* **Information supplied**:
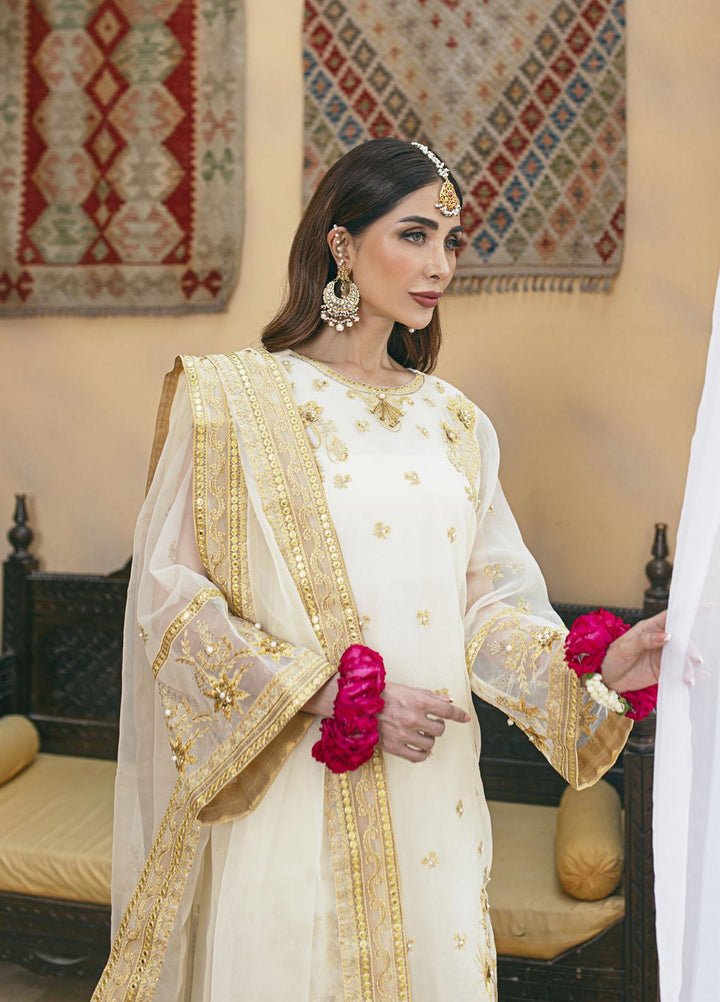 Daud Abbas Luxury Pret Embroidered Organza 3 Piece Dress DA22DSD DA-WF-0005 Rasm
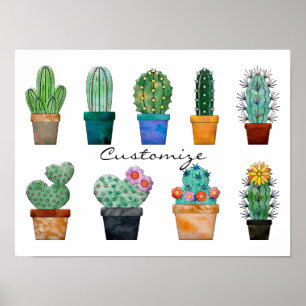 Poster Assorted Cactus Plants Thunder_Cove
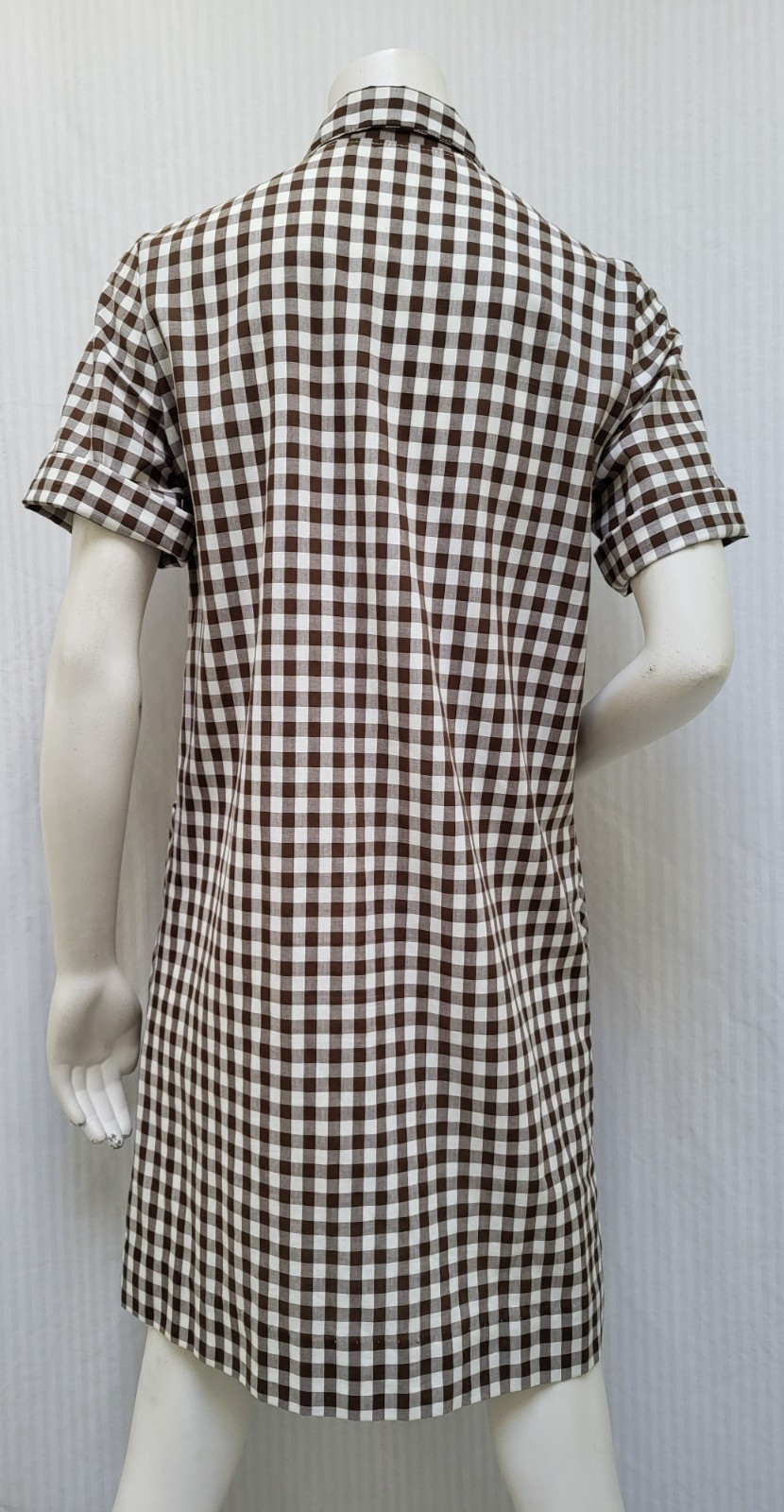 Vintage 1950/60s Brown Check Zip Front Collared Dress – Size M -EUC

* **Task item**:
When you repeat the data, keep it exact and drop every picture.

* **Response**:
 Daud Abbas Luxury Pret Embroidered Organza 3 Piece Dress DA22DSD DA-WF-0005 Rasm
 Poster Assorted Cactus Plants Thunder_Cove
 Vintage 1950/60s Brown Check Zip Front Collared Dress – Size M -EUC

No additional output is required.